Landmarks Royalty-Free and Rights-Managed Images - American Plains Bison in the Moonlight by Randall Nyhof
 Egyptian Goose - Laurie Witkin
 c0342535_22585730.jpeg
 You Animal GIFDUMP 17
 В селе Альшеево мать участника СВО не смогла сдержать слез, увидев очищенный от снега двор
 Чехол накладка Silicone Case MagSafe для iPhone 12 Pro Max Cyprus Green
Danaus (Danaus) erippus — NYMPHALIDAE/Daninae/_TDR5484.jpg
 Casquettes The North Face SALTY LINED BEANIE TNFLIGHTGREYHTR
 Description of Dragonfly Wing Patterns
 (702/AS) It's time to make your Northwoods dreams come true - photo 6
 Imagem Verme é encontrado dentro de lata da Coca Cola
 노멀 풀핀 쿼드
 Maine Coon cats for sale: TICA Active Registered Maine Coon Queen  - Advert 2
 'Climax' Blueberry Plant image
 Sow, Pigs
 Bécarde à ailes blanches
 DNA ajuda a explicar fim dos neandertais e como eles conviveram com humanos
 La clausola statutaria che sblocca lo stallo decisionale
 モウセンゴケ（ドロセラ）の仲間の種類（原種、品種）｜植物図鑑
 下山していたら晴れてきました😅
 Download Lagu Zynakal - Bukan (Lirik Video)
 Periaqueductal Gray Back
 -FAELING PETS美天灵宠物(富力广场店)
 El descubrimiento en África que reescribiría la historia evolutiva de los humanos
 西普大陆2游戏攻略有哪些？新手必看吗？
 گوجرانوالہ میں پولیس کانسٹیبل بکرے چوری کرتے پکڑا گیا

--

• _Exercise requirements_: In the material above, find every line that has the string "humanos" and pull those lines out.

• _Output for this exercise_:
 DNA ajuda a explicar fim dos neandertais e como eles conviveram com humanos
 El descubrimiento en África que reescribiría la historia evolutiva de los humanos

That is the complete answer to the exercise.